In our June 2001 update, we reported that, according to Standard Equities, gold production could decline by 35% (900 tonnes) by 2009. Nothing has changed in the gold mining world that would alter this estimate. In fact, a recent trip to the Prospectors and Developers Association of Canada (PDAC) conference reinforced our view that newly mined gold production has peaked and will now begin to decline at an accelerating rate for years to come. Each year miners, geologists, and prospectors gather at the PDAC in Toronto to display their wares, renew acquaintances, exchange ideas, contemplate deals, and drink more than they should. It draws several thousand participants from around the globe, and has become the premier event of its kind.
Despite the stellar performance of gold shares over the past year and the perky bullion price, new exploration plays were very few and far between. Exploration companies rely on funds from investors and larger mining companies, however, since 1997 the funding needed to generate new exploration and the next generation of mines has been miniscule at best. Bulyanhulu, Sadiola, Veladero, Pierina, and Geita are all world class gold deposits that are being mined or developed by major mining companies. All were found by junior exploration companies during the 1993 to 1996 global exploration boom. The majors are notorious for their lack of exploration success. Their forte is development, mining, and expansion. This begs the question: given the lack of funding for exploration, who is looking for the next 119 million ounces - the gold that is depleted through mining each year? Many of the junior gold companies at the PDAC conference were promoting properties they have hung on to through the bear market. Properties that didn't quite make it in the last cycle. Others have acquired cast-offs from the majors that were deemed too small or too difficult to develop at prices below $300.

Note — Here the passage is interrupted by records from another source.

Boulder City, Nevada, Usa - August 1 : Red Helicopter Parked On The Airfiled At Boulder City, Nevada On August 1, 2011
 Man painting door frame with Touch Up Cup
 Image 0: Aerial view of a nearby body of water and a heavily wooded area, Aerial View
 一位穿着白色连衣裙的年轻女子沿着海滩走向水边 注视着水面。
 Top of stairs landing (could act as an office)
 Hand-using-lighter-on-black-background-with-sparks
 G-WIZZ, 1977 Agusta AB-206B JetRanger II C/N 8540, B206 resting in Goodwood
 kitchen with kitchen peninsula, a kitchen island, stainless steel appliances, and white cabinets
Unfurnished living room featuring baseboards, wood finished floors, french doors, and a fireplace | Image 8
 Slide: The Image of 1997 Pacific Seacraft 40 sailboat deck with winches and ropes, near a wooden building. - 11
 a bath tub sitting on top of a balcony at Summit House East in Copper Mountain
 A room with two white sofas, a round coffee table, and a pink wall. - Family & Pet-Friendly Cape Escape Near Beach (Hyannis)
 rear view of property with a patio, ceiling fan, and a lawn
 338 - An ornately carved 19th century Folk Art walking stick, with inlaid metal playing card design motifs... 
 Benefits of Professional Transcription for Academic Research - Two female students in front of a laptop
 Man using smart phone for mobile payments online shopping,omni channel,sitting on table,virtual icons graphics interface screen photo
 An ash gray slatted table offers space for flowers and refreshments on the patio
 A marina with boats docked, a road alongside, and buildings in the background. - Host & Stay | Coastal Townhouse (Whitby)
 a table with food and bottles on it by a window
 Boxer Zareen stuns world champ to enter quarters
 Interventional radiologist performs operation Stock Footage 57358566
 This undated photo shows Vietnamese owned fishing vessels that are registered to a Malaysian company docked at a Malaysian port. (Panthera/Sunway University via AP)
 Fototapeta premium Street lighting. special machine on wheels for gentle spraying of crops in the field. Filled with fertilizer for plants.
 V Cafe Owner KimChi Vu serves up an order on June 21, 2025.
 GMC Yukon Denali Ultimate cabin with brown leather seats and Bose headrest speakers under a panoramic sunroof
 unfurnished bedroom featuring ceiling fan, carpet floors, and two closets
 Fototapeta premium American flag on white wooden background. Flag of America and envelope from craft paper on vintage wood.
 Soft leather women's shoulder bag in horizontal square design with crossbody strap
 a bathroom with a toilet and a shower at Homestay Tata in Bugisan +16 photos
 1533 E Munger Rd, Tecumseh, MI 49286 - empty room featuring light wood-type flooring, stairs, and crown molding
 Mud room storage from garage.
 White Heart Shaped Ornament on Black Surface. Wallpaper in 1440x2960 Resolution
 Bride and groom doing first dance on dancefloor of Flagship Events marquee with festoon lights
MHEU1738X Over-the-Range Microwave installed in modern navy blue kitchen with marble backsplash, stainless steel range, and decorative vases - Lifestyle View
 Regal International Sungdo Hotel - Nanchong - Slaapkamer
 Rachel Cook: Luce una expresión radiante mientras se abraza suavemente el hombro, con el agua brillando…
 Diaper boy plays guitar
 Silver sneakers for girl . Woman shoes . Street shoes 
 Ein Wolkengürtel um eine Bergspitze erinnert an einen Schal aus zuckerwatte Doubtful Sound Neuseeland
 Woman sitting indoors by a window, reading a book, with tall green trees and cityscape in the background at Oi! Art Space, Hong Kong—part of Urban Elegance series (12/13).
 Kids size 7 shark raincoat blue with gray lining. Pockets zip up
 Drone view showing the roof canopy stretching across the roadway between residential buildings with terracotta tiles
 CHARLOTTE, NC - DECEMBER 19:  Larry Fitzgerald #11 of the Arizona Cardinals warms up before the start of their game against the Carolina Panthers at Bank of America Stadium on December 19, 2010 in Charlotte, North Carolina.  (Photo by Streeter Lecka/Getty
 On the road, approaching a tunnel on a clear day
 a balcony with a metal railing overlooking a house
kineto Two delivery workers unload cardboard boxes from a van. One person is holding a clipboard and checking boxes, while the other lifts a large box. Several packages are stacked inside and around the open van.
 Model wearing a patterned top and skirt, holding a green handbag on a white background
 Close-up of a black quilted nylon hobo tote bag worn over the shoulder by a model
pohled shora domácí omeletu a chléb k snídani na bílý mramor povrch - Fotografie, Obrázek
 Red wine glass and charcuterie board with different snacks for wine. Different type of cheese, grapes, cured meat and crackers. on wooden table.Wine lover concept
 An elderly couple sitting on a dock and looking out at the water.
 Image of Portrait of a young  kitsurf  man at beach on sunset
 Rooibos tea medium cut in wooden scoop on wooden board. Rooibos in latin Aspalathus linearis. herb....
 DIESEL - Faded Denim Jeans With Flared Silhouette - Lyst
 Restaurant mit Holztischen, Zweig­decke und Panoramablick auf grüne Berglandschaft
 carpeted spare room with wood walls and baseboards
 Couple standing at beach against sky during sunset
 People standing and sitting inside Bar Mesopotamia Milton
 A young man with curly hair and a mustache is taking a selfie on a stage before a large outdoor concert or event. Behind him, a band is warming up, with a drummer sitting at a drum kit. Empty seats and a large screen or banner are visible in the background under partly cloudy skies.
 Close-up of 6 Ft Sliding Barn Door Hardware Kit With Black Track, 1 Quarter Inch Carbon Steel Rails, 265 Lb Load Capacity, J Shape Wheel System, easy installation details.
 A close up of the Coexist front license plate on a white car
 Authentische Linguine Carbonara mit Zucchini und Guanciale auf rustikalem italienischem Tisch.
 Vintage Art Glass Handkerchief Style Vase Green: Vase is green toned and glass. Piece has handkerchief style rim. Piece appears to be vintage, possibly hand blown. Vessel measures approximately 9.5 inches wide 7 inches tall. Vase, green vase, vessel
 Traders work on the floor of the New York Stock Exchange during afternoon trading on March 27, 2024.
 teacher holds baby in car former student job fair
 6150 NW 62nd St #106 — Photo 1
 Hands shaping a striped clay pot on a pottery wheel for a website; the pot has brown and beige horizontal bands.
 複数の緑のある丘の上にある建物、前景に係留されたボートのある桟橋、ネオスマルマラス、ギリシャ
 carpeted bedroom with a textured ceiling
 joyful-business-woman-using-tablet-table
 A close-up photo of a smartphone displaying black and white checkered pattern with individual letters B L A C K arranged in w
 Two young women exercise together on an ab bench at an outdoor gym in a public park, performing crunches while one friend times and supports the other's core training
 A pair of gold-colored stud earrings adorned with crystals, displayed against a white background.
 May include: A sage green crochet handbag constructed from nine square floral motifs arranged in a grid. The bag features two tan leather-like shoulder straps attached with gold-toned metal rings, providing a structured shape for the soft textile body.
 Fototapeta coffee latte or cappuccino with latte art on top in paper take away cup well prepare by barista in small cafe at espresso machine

Mineable gold deposits are extremely hard to find, and profitable deposits even harder. There is no doubt that if gold prices stay in the $300+ range for an extended period, funds will be made available to the exploration sector. However, the time it will take to find new deposits when starting from scratch will be measured in years. Add to that about five years to drill, plan, finance, and develop a mine and the lead-time can easily add up to a decade. Most of the majors have a limited number of projects on the shelf that will be developed if and when they are convinced that the long-term gold price will hold above $300. However, we estimate that this added production will only stem the decline, not stop it. Meanwhile, we expect that fabrication and investment demand combined will continue to grow at the 1.8% average annual rate (2.1 million ounces) of the last ten years. No one knows whether the Central Banks will continue to sell their gold in sufficient quantities to fill the supply/demand gap. In 2000 there was a shortage of tech stocks. In 2001 there was a shortage of natural gas. In 2002 there is a shortage of single family homes. Shortages provide investors with unique opportunities to achieve extraordinary gains. They also carry the potential for gut-wrenching losses if the investor is late and the duration of the shortage is over estimated. There may never be a shortage of gold, but the possibility looms, along with the possibility of winning or losing a fortune.